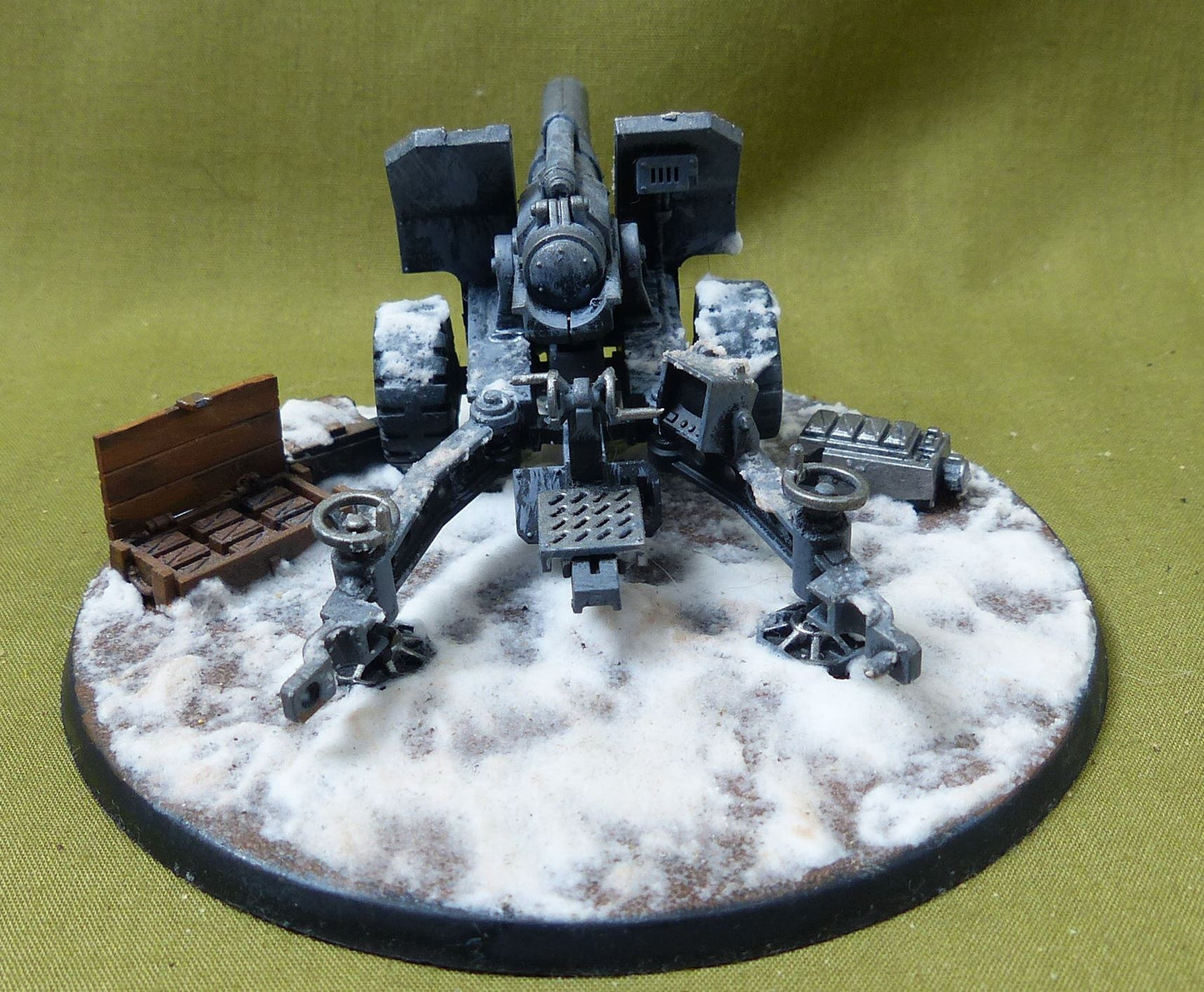 Single Field Ordnance Battery painted - Astra Militarum - Warhammer 40K #36C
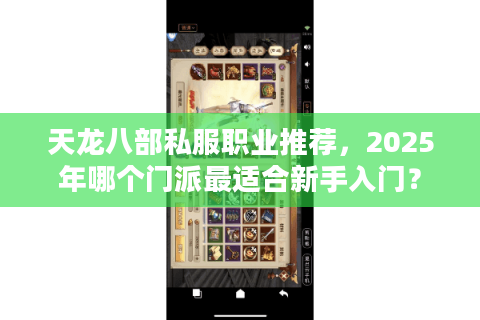 天龙八部私服职业推荐，2025年哪个门派最适合新手入门？
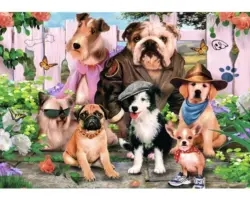 Fototapete 12879P8 Papier Lustige Tier-Selfies 368x254 cm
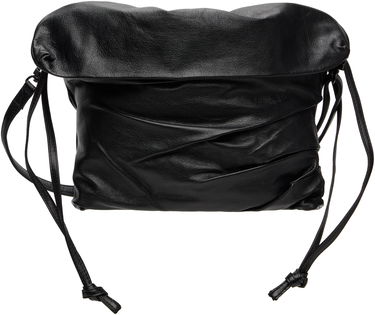 Taška cez rameno Yohji Yamamoto YOHJI YAMAMOTO Drape Leather Shoulder Bag Čierna | DP-I33-791, 0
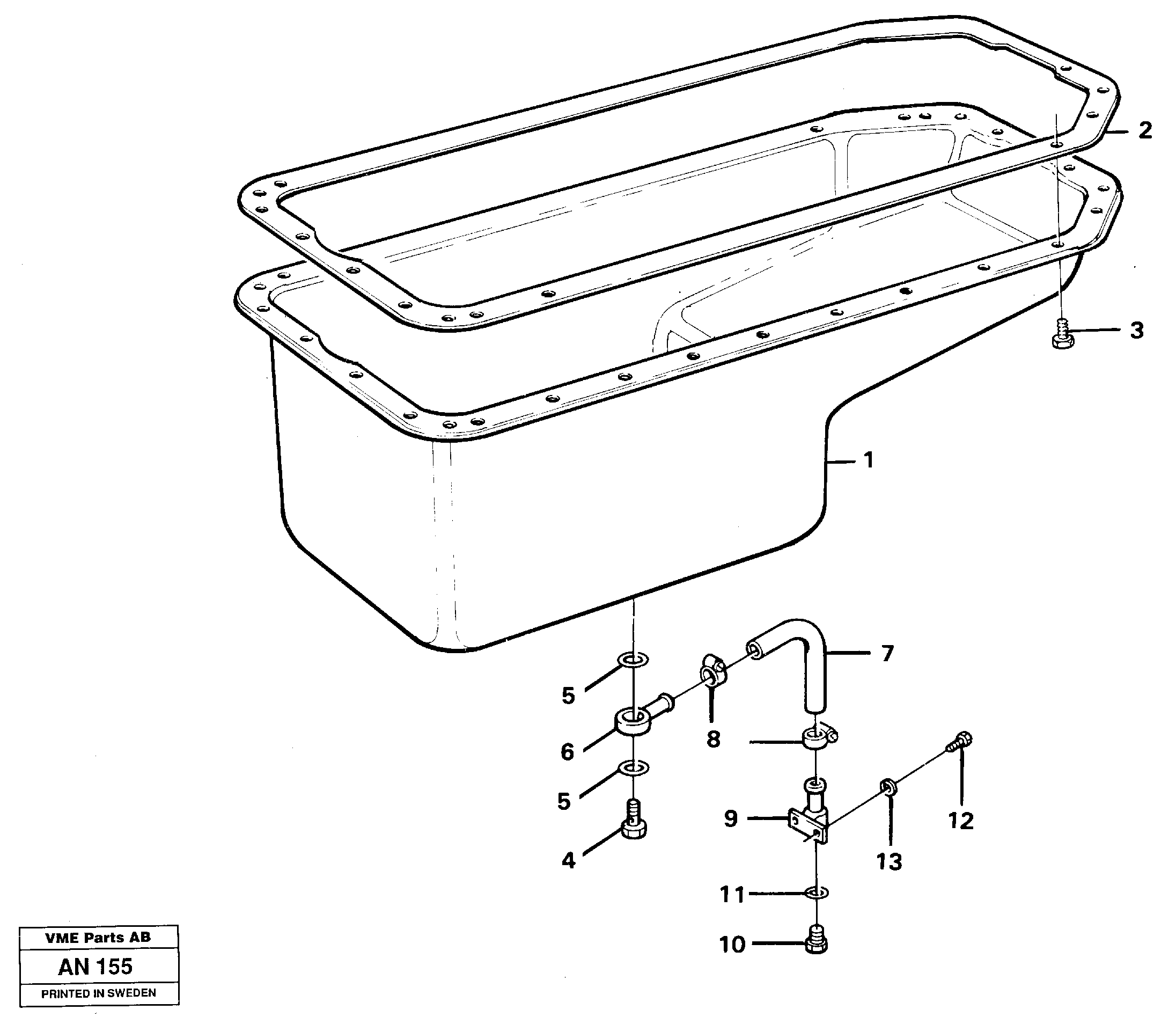 Oil sump — volvo parts diagram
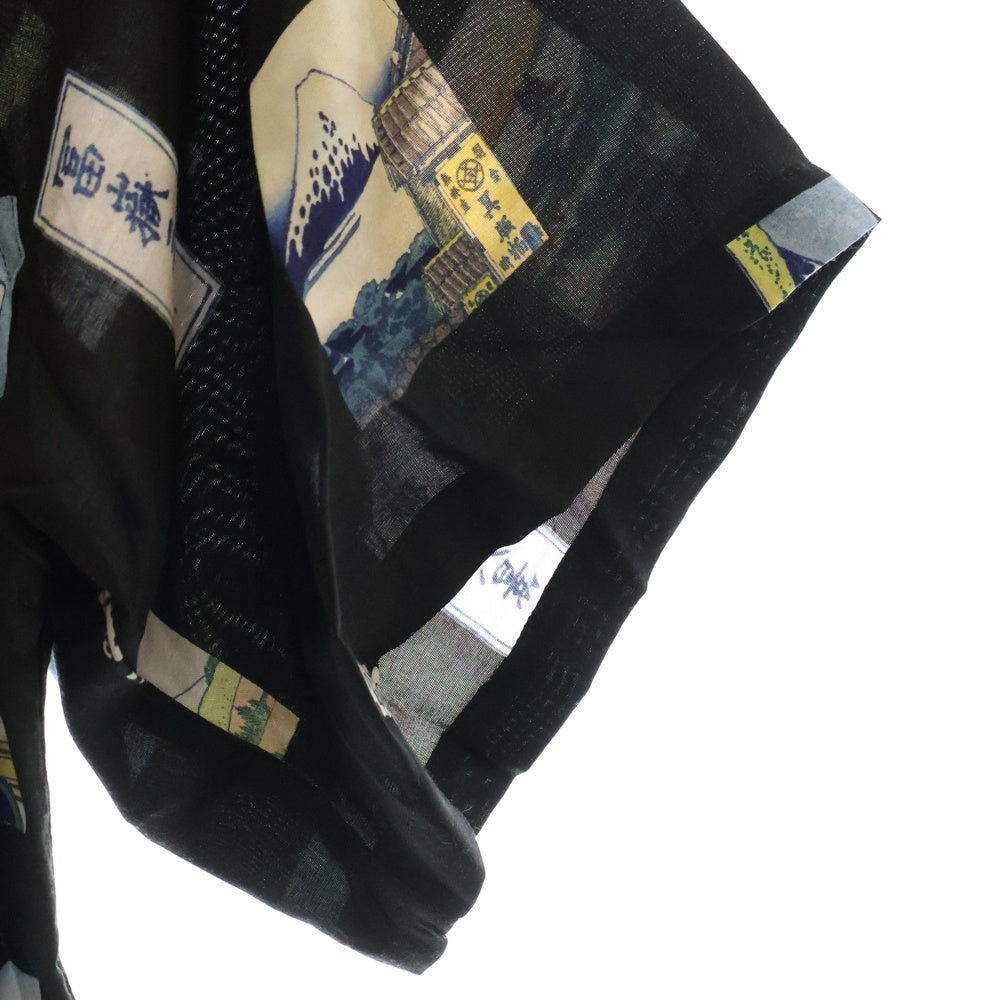 WACKO MARIA(ワコマリア) 25SS 葛飾北斎 / S/S HAWAIIAN SHIRT ハワイアンシャツ ブラック HOKUSAI-WM-HI01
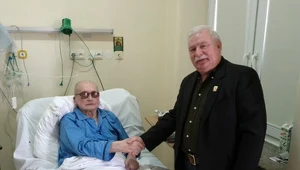 Lech Wałęsa odwiedził gen. Jaruzelskiego w szpitalu
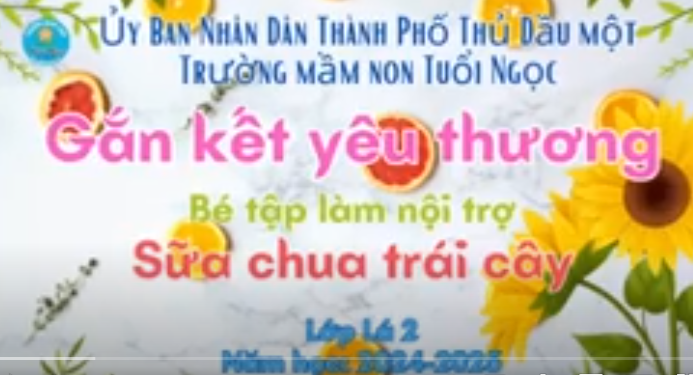 Sữa Chua Trái Cây -Lá 2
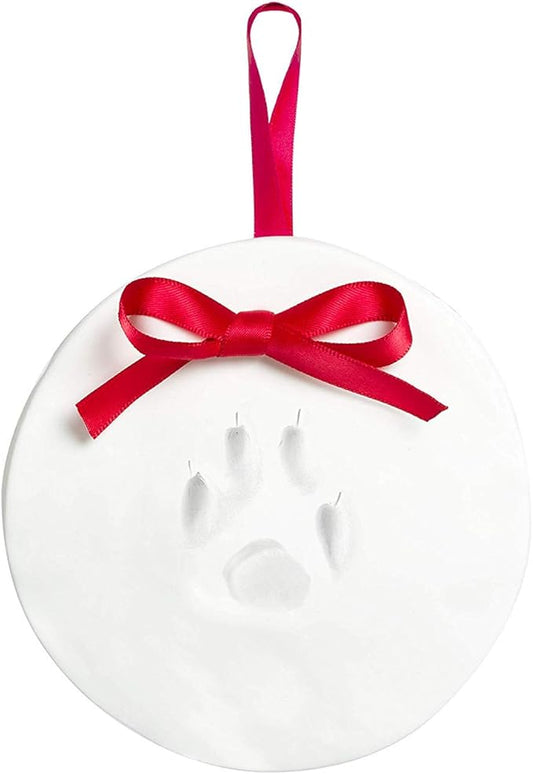 Kate & Milo Holiday Pawprints Christmas Ornament, DIY No Mess Clay Pawprint by KateMilo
------------
Could the entries above be restated word for word, with the pictures left out?

 Single Field Ordnance Battery painted - Astra Militarum - Warhammer 40K #36C
 天龙八部私服职业推荐，2025年哪个门派最适合新手入门？
 Fototapete 12879P8 Papier Lustige Tier-Selfies 368x254 cm
 Taška cez rameno Yohji Yamamoto YOHJI YAMAMOTO Drape Leather Shoulder Bag Čierna | DP-I33-791, 0
 Oil sump — volvo parts diagram
 WACKO MARIA(ワコマリア) 25SS 葛飾北斎 / S/S HAWAIIAN SHIRT ハワイアンシャツ ブラック HOKUSAI-WM-HI01
 Lech Wałęsa odwiedził gen. Jaruzelskiego w szpitalu
 Sữa Chua Trái Cây -Lá 2
 Kate & Milo Holiday Pawprints Christmas Ornament, DIY No Mess Clay Pawprint by KateMilo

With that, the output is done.